Downhole power generation has also been attempted with little success. The main objection is the placement of the generator in the flow stream path in the well. The generator can fail, leading to a build-up of debris which can decrease production. The power generator in the flow stream can prevent workover tools from being deployed below the generator through the tubing.

FIGURES

These and other features, aspects, and advantages of the system will become better understood with regard to the follow description, appended claims, and accompanying drawings where:

FIG. 1 is a cutaway view in partial perspective illustrating a side pocket mandrel and an exemplary system disposed within a side pocket of the side pocket mandrel;

FIG. 2 is cutaway view in partial perspective illustrating a down-tool view showing a fluid flow conduit;

FIG. 3 is a partial cutaway view in partial perspective of an exemplary system; and

FIG. 4 is a block view of exemplary systems in situ.

BRIEF DESCRIPTION OF EMBODIMENTS

Referring now to FIG. 1, system 1 comprises power generator 10, wireless communications transmitter 20, and controller 30. System 1 is configured and sized to be placed inside side pocket 101 of side pocket mandrel 100, which is a parallel pipe to production tubing and normally machined as part of production tubing, in such a way as to not reduce the production path in a well. Side pocket mandrel 100 typically has first opening 102 (FIG. 3) at one end and second opening 103 (FIG. 3) at an opposite end to allow connecting side pocket mandrel 100 to main production pipe 200 (FIG. 4).

Wireless communications transmitter 20 comprises a transmitter (not specifically called out in the figures), one or more downhole sensors 40 and associated electronics such as, but not limited to, controller 30. In embodiments, the transmitter comprises a transceiver for bidirectional data communications.

In an embodiment, wireless communications transmitter 20 includes pressure pulser 21, which can be used for downhole-to-surface communications and which may comprise one or more pulser valves 60, where wireless communications transmitter 20 typically generates acoustic waves, electromagnetic waves, or the like, or a combination thereof which are useful for data communication. Electromagnetic waves can be generated to transmit the energy through the production pipe such as pipe 200 (FIG. 4) or a geological formation.

In another embodiment, generator 50, which may be an acoustic generator, can be present, either with or in place of pressure pulser 21, and used to provide acoustic energy as digital bits that travel to the surface using fluid, production tubing, or the like, or a combination thereof as the medium of communications for the acoustic waves.

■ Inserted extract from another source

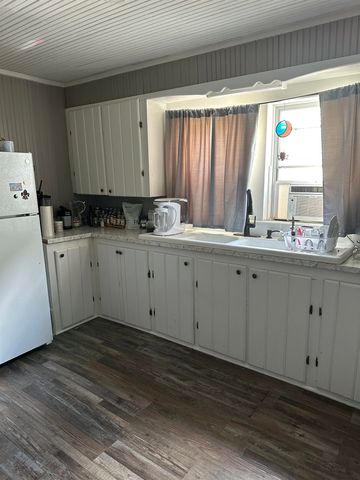 311 A & B Engeron Street, Houma, LA 70363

Referring now to FIG. 3, in certain embodiments, pressure compensation tube 110 may be present to equalize the pressure in system 1 and power generator 10 may be in at least partially immersed in oil for proper operation. In addition, diverter 106, which may comprise a screen or the like, may be present at a fluid entry of conduit 105 to help with getting fluid flowing into side pocket 101.

In the operation of exemplary embodiments, referring generally to FIGS. 1 and 4, system 1 can harvest a small portion of the fluid flowing in a well to the surface to generate power. As such, it will not fully impede the fluid flow but, instead, as it enters side pocket 101, a portion of the fluid flow passes one or more rotatable impellers 11 (FIG. 1) attached to one or more stators 12 (FIG. 1) that are attached to power generator 10 (FIG. 1). Typically, the higher pressure required to push fluid through the smaller opening of side pocket mandrel 101 requires a change in the delta pressure; otherwise, the fluid will take the path of least resistance which is the larger production tubing.

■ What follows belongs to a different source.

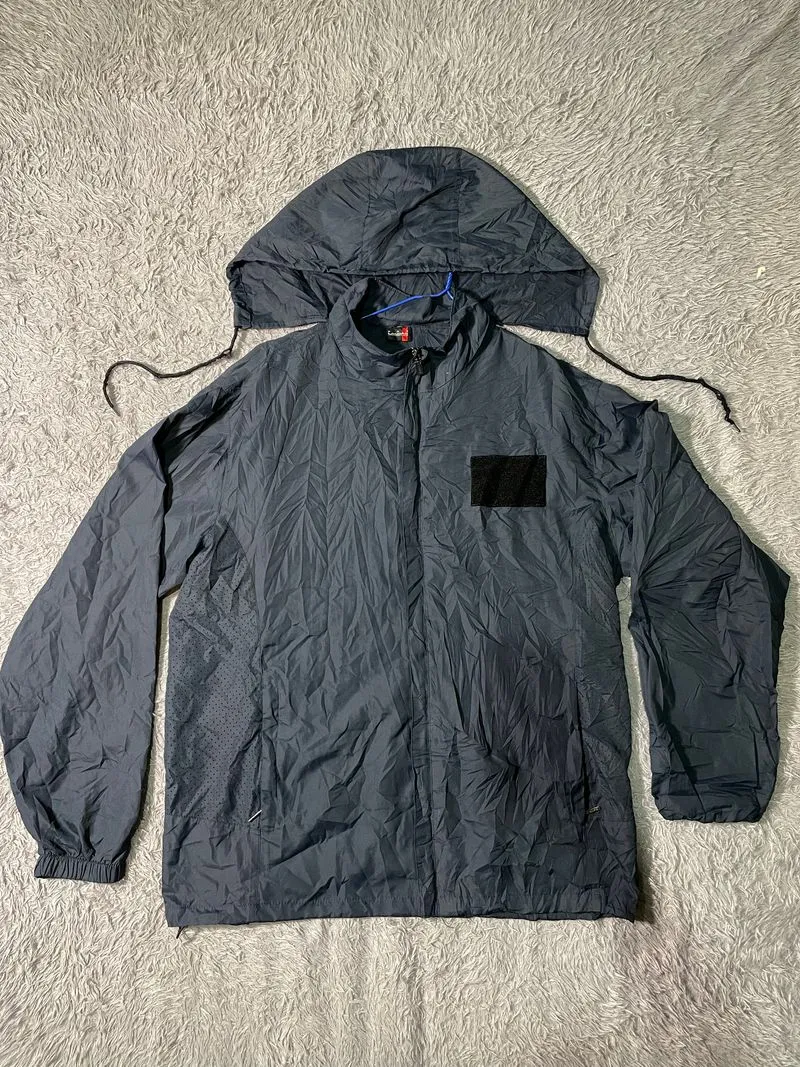 Landas Windbreaker photo 1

In an embodiment, power generator 10 comprises one or more 3 phase modules, each with associated magnets and coils which, as will be familiar to those of ordinary skill in electronic arts, will generate harvestable electricity as rotating magnets interact with the coils.

In a further embodiment, electrical power, including harvested electrical power, may be stored in one or more power stores 13 such as rechargeable batteries, capacitors including super capacitors, or the like, or a combination thereof.

In most embodiments, multiple power generators 10 can be placed in single side pocket mandrel 100. The harvested and/or stored energy may then be used to power sensors 40 which may be located at or near side pocket mandrel 100 as well as communication module 20.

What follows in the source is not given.